### PROVIDED MATERIAL
--

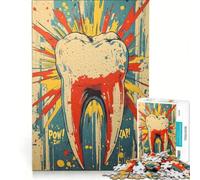 Puzzle da 1000 pezzi con disegno di un dente che scoppia, gioco rompicapo, rilassante e stimolante per la mente, ideale come regalo per tutta la famiglia 38x52cm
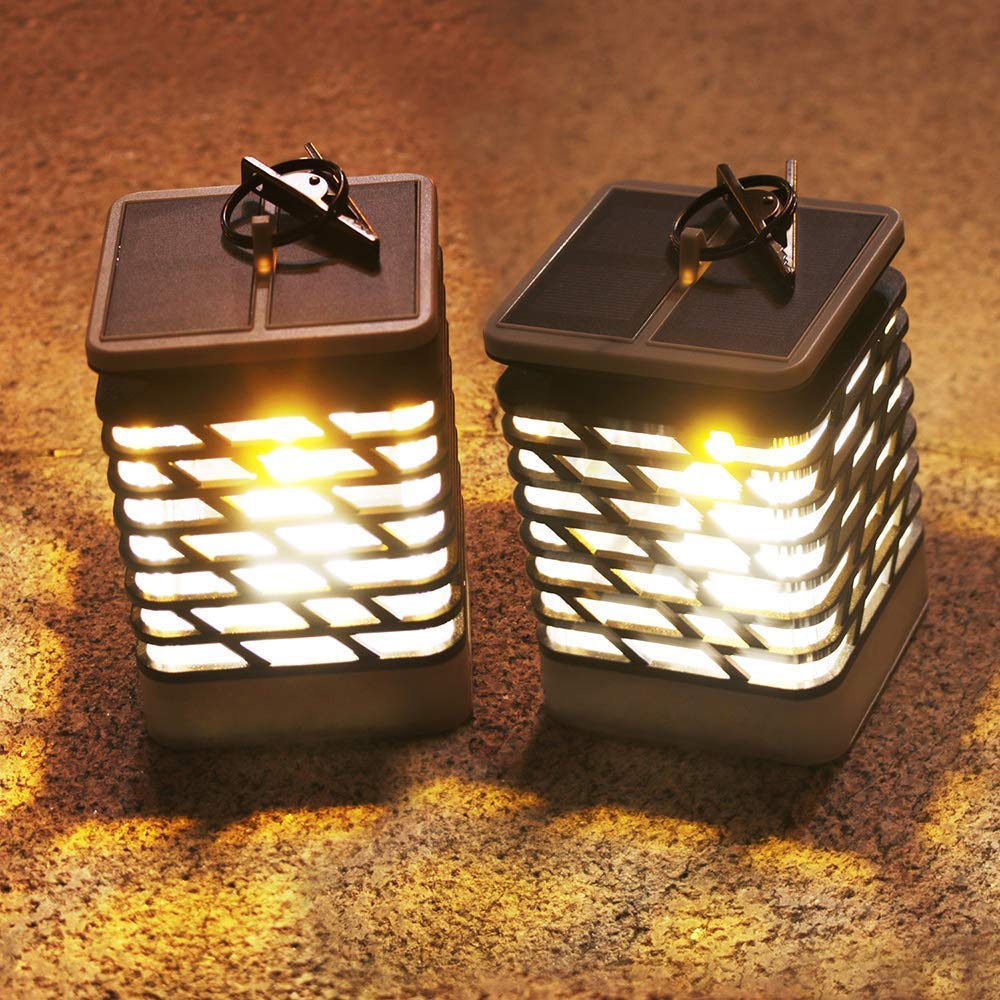 Solar Lantern, Flicker Flame LED Candle Lantern Solar Powered (Pack of 1)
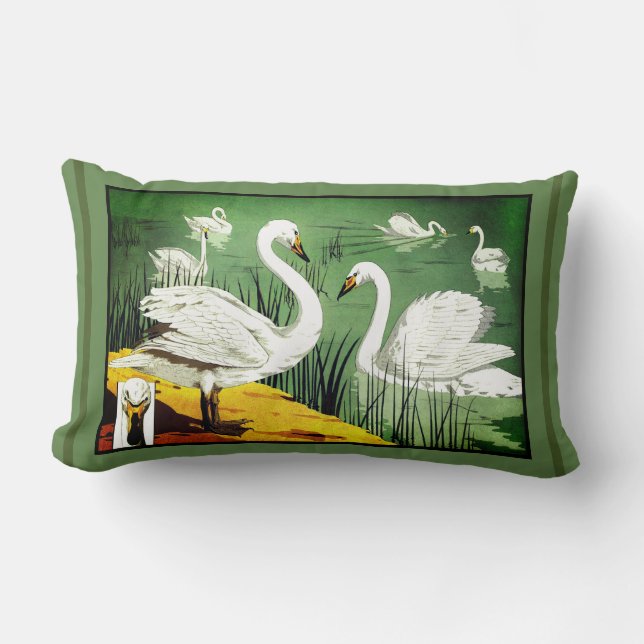 Verneuil Art Nouveau Design of Wild Swans Lumbar P Lumbar Pillow (Front)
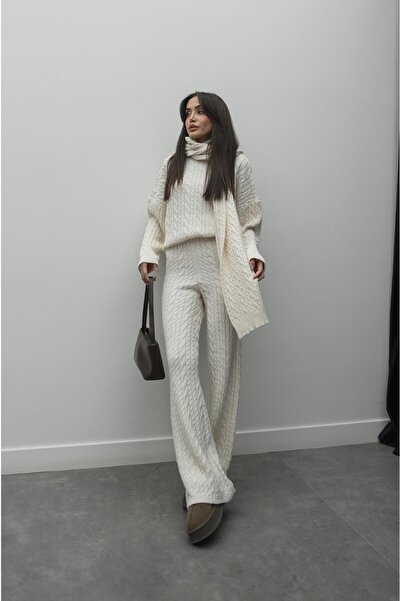 Havoş Ecru Scarf Hair Knit Pants Sweater Set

--

### TASK
Take the listing above and retype it exactly. Its pictures are to be omitted.

### RESPONSE BELOW
 Puzzle da 1000 pezzi con disegno di un dente che scoppia, gioco rompicapo, rilassante e stimolante per la mente, ideale come regalo per tutta la famiglia 38x52cm
 Solar Lantern, Flicker Flame LED Candle Lantern Solar Powered (Pack of 1)
 Verneuil Art Nouveau Design of Wild Swans Lumbar P Lumbar Pillow (Front)
 Havoş Ecru Scarf Hair Knit Pants Sweater Set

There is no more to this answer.